Artık uyanmıştı. Tamamen. Ama uykuya muhtaçtı. Haftalardır uykusuzluktan muzdarip bir yaşam sürüyordu. Şehrin göbeğinde ki dairesinde, bütün gece yatağında, yüzü yastığa bastırılmış bir şekilde kum adamı bekliyordu. Ama ne uyku, nede kum adam geliyordu. Kum adam… Çocukken dinlediği ve inandığı masallardan bir kahraman.

Günlerinin çoğu evde geçiyordu. Gerçek anlamda hiçbir şey yapmadan öylece oturuyor ve artık ona zevk veren ve sayısı gittikçe azalan hobileriyle uğraşıyordu. Doğru dürüst bir hobisi de yoktu aslında. Ama buna rağmen, kendini bunlara kaptırıyor, kendini gittikçe dış dünyadan soyutluyordu. İnsanların yanına gidip onlarla konuştuğunda, onların ne kadar aptal olduklarından başka bir şey düşünemiyordu. Konuştukları ve yaptıkları şeyler onu uyuz ediyordu. Kültürsüzlükleri ve cahillikleri onu onlardan itiyordu. Ona göre, kendi dışında diğer insanlar, kullanılmayı bekleyen araçlardan başka bir şey değildi. Kimi silah, kimi ise sade bir baston. İşine yaradığında kullandığın, ama işin bittiğinde nefretle fırlatıp attığın nesneler. Bilgisizlerdi ona göre. Ne kitap okuyor, nede kendilerini geliştirmeye çalışıyorlardı.Ama kendi bu tehlikeyi yıllar önce savuşturmuş, kendini geliştirmeye başlamıştı.

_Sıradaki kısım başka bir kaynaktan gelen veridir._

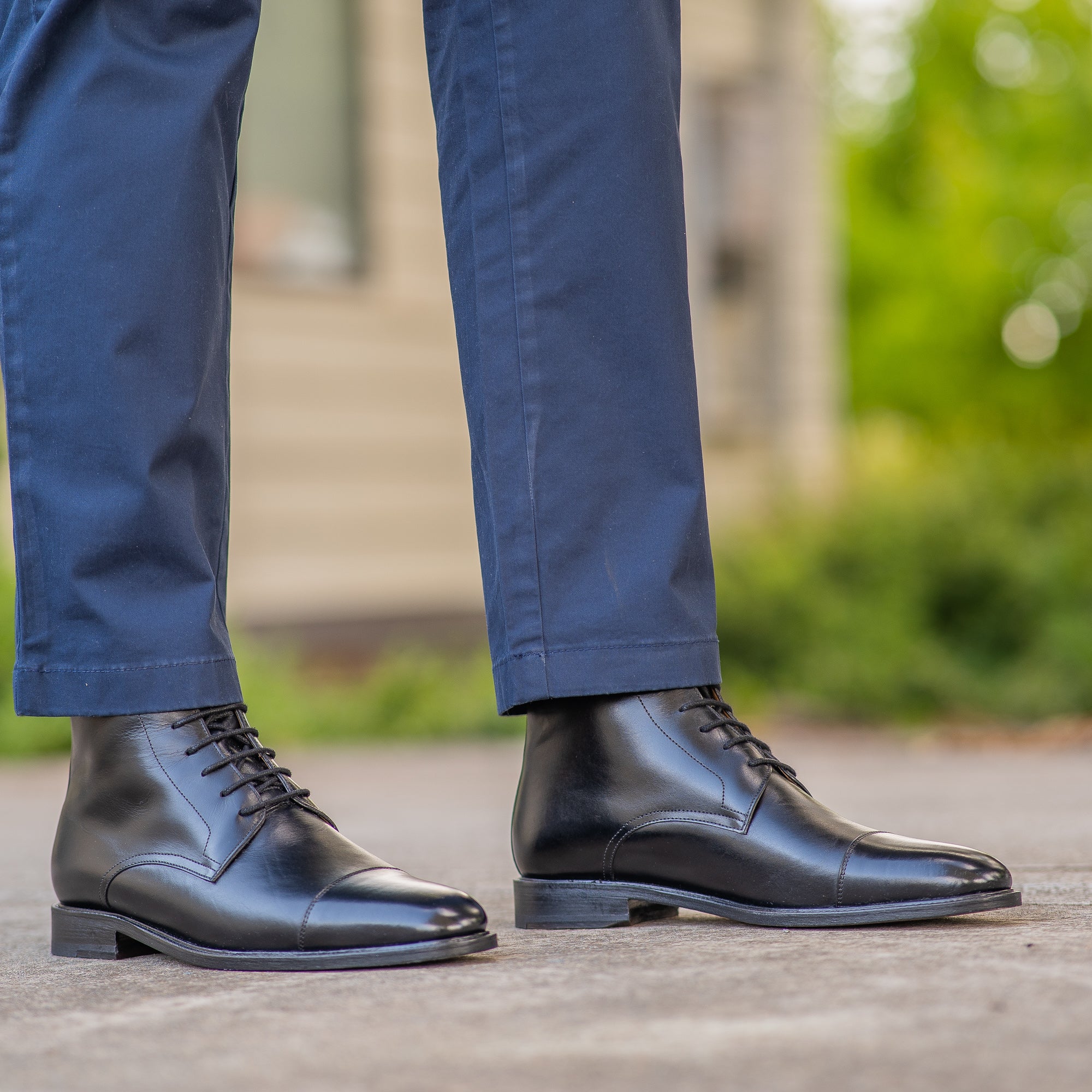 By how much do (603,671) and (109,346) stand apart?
0.50 metres

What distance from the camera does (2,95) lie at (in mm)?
1291

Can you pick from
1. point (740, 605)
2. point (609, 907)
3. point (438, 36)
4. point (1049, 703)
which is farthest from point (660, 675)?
point (740, 605)

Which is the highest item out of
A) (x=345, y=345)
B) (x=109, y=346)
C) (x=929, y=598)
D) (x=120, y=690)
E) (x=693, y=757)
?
(x=345, y=345)

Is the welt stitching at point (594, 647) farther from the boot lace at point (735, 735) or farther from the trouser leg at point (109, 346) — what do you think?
the trouser leg at point (109, 346)

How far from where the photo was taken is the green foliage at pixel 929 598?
155 inches

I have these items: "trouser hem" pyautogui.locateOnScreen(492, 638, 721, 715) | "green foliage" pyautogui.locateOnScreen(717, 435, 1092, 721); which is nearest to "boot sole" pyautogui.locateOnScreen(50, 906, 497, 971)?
"trouser hem" pyautogui.locateOnScreen(492, 638, 721, 715)

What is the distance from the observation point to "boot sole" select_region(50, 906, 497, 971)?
1.15 metres

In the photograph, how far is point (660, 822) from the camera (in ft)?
4.30

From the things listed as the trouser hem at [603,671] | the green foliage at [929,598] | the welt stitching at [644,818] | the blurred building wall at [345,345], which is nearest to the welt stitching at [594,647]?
the trouser hem at [603,671]

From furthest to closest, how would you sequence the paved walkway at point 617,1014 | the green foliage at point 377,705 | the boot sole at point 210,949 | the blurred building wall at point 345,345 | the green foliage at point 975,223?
1. the green foliage at point 975,223
2. the blurred building wall at point 345,345
3. the green foliage at point 377,705
4. the boot sole at point 210,949
5. the paved walkway at point 617,1014

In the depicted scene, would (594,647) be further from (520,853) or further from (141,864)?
(141,864)

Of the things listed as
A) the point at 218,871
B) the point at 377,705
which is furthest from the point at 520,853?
the point at 377,705

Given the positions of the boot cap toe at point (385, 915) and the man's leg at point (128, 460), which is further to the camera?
the man's leg at point (128, 460)

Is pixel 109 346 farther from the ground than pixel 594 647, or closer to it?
farther from the ground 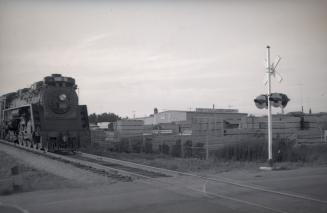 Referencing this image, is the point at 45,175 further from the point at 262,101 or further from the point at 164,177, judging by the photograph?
the point at 262,101

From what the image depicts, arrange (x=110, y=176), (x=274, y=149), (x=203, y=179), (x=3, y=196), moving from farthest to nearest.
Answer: (x=274, y=149) < (x=110, y=176) < (x=203, y=179) < (x=3, y=196)

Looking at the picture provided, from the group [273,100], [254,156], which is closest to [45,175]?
[273,100]

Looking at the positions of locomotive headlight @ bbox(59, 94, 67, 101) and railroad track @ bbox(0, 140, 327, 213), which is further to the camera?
locomotive headlight @ bbox(59, 94, 67, 101)

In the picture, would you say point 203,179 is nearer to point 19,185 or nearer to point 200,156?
point 19,185

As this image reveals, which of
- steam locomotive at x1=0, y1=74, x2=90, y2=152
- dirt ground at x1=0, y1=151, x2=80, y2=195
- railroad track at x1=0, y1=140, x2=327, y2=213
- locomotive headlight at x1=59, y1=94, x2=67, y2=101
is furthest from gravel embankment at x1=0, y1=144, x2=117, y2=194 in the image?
locomotive headlight at x1=59, y1=94, x2=67, y2=101

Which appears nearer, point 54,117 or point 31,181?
point 31,181

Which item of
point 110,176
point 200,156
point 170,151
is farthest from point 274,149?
point 110,176

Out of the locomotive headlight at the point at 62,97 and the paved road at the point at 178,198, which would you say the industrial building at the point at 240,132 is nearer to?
the locomotive headlight at the point at 62,97

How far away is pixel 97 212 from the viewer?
8281 mm

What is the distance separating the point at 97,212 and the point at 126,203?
0.98 meters

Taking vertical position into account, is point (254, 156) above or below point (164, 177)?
above

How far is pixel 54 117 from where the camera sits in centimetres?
2317

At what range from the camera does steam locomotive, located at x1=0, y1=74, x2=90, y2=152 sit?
2253cm

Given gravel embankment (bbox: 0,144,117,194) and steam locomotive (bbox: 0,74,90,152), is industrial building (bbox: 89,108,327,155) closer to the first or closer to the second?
steam locomotive (bbox: 0,74,90,152) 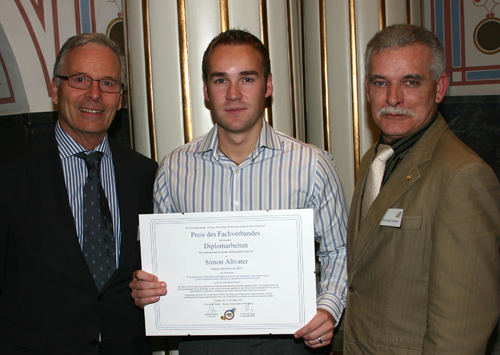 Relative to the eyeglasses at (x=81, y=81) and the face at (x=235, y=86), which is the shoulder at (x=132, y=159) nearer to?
the eyeglasses at (x=81, y=81)

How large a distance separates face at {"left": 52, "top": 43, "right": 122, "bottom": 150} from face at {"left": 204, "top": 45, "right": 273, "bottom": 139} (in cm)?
54

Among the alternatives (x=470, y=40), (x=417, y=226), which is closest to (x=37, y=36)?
(x=417, y=226)

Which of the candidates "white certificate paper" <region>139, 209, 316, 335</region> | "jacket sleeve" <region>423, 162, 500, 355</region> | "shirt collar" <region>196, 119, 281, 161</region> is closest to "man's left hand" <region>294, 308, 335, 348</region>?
"white certificate paper" <region>139, 209, 316, 335</region>

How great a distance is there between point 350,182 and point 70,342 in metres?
1.81

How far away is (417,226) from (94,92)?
1.51 metres

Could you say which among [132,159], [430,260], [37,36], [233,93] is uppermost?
[37,36]

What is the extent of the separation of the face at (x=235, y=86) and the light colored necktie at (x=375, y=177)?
1.82 ft

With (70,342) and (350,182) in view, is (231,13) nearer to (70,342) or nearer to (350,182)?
(350,182)

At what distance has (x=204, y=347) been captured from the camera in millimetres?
1797

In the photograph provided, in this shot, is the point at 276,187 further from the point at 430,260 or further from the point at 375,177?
the point at 430,260

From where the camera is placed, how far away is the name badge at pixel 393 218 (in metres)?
1.56

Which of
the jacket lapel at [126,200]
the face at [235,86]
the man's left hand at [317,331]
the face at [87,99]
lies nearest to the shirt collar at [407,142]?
the face at [235,86]

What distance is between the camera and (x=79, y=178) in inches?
75.6

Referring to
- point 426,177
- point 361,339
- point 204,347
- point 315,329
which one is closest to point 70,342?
point 204,347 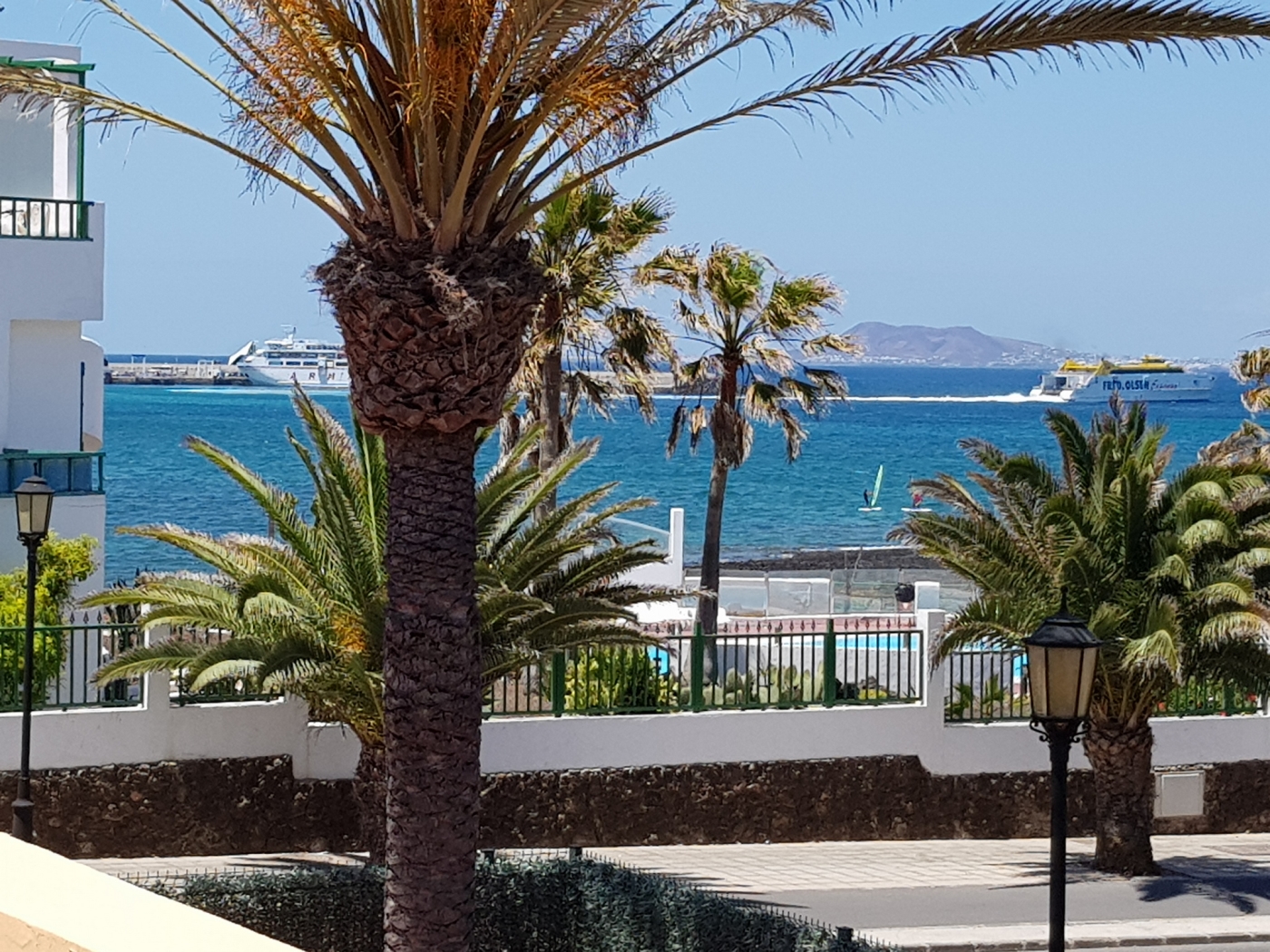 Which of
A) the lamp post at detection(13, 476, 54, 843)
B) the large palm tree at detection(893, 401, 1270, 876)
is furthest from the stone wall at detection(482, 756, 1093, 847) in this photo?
the lamp post at detection(13, 476, 54, 843)

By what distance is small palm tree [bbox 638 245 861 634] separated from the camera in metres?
28.2

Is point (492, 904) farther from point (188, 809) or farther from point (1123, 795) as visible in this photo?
point (1123, 795)

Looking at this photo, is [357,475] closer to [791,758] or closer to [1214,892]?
[791,758]

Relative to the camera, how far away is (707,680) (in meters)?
20.2

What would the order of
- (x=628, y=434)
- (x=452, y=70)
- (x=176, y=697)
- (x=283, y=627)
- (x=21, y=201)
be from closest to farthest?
(x=452, y=70), (x=283, y=627), (x=176, y=697), (x=21, y=201), (x=628, y=434)

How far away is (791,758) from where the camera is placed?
778 inches

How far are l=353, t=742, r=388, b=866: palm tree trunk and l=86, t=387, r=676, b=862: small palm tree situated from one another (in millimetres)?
16

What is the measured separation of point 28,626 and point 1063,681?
9.18 m

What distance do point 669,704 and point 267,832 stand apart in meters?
4.45

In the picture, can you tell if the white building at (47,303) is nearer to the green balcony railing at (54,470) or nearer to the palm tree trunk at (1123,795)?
the green balcony railing at (54,470)

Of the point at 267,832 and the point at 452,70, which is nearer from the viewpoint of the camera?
the point at 452,70

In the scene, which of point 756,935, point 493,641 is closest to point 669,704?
point 493,641

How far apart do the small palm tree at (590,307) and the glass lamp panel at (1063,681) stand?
14338mm

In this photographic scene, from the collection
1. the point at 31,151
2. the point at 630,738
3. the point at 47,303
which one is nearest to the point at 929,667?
the point at 630,738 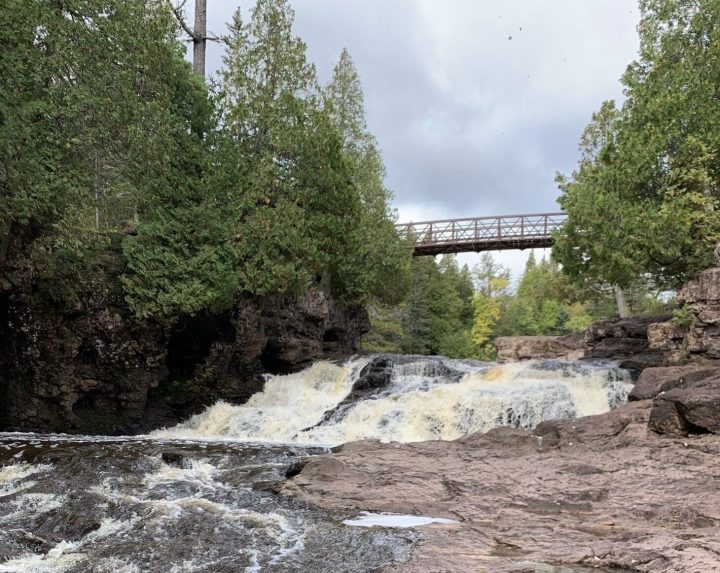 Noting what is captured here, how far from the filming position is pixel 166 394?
17.1m

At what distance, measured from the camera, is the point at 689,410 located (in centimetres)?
925

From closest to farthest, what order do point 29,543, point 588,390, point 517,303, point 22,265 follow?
point 29,543 < point 22,265 < point 588,390 < point 517,303

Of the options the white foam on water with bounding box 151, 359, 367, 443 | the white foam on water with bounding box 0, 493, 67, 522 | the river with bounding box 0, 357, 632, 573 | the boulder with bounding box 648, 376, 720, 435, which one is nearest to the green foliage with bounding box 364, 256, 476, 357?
the white foam on water with bounding box 151, 359, 367, 443

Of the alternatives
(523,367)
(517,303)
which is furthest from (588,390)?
(517,303)

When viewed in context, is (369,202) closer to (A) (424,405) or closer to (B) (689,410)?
(A) (424,405)

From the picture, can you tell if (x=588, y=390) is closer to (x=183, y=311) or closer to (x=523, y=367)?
(x=523, y=367)

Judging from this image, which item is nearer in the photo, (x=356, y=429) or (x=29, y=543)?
(x=29, y=543)

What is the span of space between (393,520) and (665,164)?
1527cm

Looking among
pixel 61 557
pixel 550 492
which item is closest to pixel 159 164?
pixel 61 557

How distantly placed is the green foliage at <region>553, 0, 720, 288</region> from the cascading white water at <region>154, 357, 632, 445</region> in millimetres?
3863

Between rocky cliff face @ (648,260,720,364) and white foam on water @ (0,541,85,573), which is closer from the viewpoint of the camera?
white foam on water @ (0,541,85,573)

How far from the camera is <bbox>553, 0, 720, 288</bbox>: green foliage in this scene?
1595 centimetres

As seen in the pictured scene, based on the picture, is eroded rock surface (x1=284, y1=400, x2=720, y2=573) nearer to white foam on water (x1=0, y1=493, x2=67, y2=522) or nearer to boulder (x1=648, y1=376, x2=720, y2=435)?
boulder (x1=648, y1=376, x2=720, y2=435)

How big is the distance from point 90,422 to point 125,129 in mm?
7906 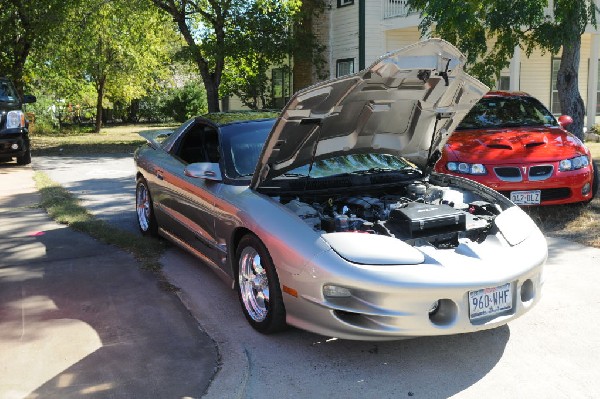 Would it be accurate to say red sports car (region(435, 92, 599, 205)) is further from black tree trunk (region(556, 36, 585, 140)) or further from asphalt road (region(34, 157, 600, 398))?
black tree trunk (region(556, 36, 585, 140))

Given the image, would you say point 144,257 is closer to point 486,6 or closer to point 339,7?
point 486,6

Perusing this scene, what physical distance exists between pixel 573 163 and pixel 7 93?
12.0 meters

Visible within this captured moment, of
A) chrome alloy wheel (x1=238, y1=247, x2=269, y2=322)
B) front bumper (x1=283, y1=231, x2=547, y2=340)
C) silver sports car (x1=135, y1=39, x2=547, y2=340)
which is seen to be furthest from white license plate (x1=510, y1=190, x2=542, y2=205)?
chrome alloy wheel (x1=238, y1=247, x2=269, y2=322)

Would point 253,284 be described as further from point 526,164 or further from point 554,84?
point 554,84

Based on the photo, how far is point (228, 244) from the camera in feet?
14.8

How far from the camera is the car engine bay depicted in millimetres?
3949

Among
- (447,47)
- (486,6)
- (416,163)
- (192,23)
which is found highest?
(192,23)

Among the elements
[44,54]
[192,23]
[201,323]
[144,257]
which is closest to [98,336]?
[201,323]

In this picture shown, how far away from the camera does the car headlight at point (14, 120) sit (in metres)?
13.1

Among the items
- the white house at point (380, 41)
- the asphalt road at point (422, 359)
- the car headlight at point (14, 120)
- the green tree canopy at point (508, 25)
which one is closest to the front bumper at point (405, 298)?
the asphalt road at point (422, 359)

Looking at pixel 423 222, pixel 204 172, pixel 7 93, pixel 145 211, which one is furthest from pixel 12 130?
pixel 423 222

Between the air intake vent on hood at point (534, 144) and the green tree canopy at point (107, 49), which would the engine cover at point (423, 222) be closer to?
the air intake vent on hood at point (534, 144)

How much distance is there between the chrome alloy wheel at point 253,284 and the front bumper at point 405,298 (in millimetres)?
478

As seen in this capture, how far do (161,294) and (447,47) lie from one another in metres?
2.86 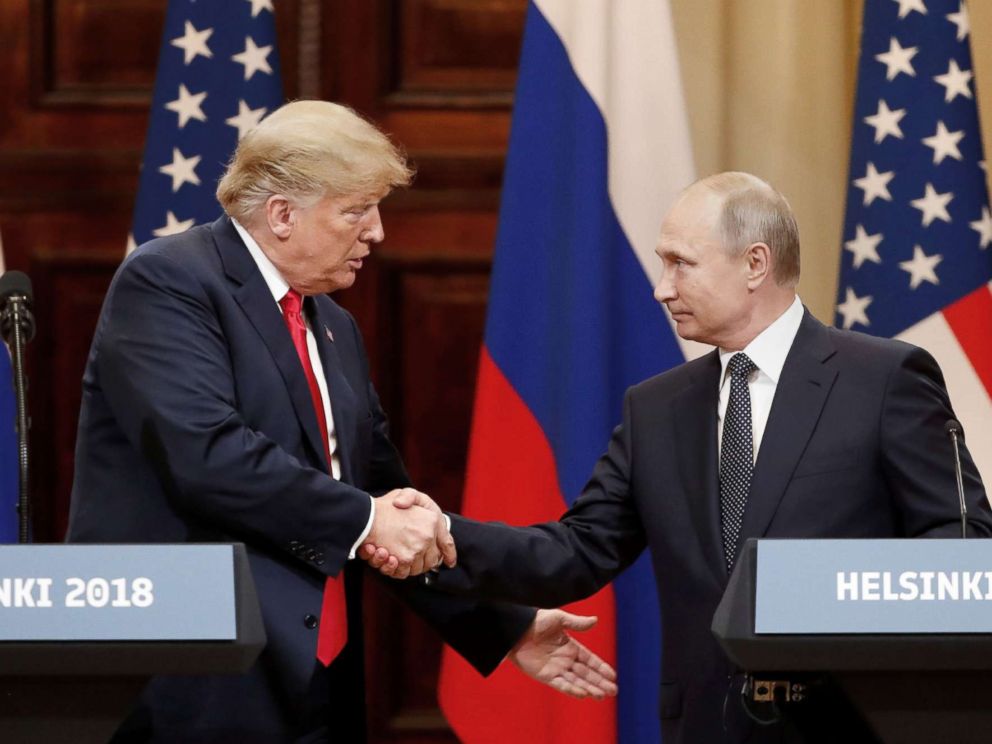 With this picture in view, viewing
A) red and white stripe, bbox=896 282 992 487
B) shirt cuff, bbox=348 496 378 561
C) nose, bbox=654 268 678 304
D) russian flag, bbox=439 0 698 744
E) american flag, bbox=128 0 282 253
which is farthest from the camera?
american flag, bbox=128 0 282 253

Kimi, kimsesi yoktu. Tek başına yaşıyordu. Fazla arkadaşı da yoktu. Sevgilisi ise uzun zamandır olmamıştı. Ona göre sevgili kavramı özeldi. Arkadaştan öteydi. her şeyi paylaştığın ve konuştuğun insan. Bu yüzden onunda kişiyle aynı seviyede olması gerekirdi. Dipsiz gölün yüzeyinde yapılan, gereksiz ve boş konuşmalardan zevk alan bir insan değil. Ailesiyle bile nadiren görüşüyordu. Tek sohbeti az sayıda olan arkadaşlarıylaydı. Ve bundan gerçekten zevk alıyordu, çünkü arkadaşları hemen hemen onunla aynı düşüncede olan insanlardı. Aynı olmayan düşüncelerin yerinede başka düşünceler koymuşlardı. Hepsi dolu insanlardı. Her şey hakkında söyleyecek ufak tefek bir şeyleri vardı. Onun gibiydiler. Soyutlanmış, yalnız ve bilgi.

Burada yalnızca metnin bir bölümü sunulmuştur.